Development of the Instruments[change | change source]
Today's instruments of the string family (violin, viola, cello and double bass) may look almost the same as the old ones, but there are differences: the old fingerboards were shorter and the strings used to be made of gut, not metal. The bows were shaped differently, and the technique of playing was also different.
Woodwind instruments have changed a lot since the old times. Flutes, oboes and bassoons hardly had any keys (the metal keys which help to cover the holes). The keys were added in the 18th century and it made it much easier to play difficult music with lots of sharps and flats. Clarinets were not invented until the late 18th century, but even they have developed a lot since Mozart’s time (1756-1791).
Brass instruments like the trumpet and French horn now have valves which make it easier to play in different keys. The trombone is the only instrument which has not changed. The tuba was invented in the early 19th century.
Baroque keyboard instruments included the harpsichord and clavichord. The piano was invented during the 18th century. It still sounded very different when Mozart wrote for it. The frame was made of wood, not of cast iron, and the hammers had leather heads instead of felt. A modern piano sounds quite different.
Modern interest in period instruments[change | change source]
The interest in period instruments started in the mid 20th century. People like Wanda Landowska played Baroque keyboard music on the harpsichord instead of the piano. Conductors like Nicholas Harnoncourt have trained small orchestras to play on period instruments using techniques which were used in Baroque times. Gradually musicians also started using period instruments for music from the Classical music period (the time of Mozart and Beethoven). Even in the mid 18th century the modern orchestra had not yet evolved. In recent years conductors like John Elliot Gardiner have performed music by Hector Berlioz on period instruments. There are now many small instrumental groups and orchestras who regularly perform on period instruments e.g. The English Concert and the English Baroque Soloists.

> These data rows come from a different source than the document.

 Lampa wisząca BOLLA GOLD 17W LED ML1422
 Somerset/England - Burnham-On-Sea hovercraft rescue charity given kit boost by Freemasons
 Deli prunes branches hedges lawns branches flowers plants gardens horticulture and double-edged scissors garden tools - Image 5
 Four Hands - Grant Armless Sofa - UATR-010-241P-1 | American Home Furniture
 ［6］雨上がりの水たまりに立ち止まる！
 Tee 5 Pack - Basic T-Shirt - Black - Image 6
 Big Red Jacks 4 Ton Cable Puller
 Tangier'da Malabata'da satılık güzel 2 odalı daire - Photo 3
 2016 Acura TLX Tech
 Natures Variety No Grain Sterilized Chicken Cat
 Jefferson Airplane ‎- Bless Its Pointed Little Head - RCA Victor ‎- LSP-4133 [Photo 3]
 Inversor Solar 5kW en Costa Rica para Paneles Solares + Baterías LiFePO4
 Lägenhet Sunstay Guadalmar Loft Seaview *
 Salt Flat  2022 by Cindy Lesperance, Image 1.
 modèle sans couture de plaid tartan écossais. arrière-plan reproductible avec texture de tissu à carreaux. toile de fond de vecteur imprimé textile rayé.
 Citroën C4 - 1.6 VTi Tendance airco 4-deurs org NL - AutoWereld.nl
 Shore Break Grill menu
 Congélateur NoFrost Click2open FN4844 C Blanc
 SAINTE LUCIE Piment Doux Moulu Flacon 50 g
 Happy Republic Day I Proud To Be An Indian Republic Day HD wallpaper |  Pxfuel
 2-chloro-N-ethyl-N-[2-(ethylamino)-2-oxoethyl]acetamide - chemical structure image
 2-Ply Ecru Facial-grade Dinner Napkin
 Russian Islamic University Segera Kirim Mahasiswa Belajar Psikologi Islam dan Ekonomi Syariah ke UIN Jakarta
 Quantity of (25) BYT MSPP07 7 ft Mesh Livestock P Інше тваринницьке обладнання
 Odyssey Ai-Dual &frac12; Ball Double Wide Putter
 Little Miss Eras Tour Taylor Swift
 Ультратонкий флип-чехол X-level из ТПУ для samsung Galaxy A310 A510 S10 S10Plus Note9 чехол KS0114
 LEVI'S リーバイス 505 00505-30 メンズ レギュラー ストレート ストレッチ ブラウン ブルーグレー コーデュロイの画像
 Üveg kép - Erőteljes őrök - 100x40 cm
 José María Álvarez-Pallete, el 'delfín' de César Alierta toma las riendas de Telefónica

Evaluation[change | change source]
Does old music sound better on period instruments? Musicians do not all agree about this question and they still argue a lot about the way that some of the music should be played. However, it is important to listen to the way that period instruments are played. Musicians such as the violinist Andrew Manze have done a lot of research in old books and old music and have done a lot to make people rethink the way in which music from former centuries should be performed.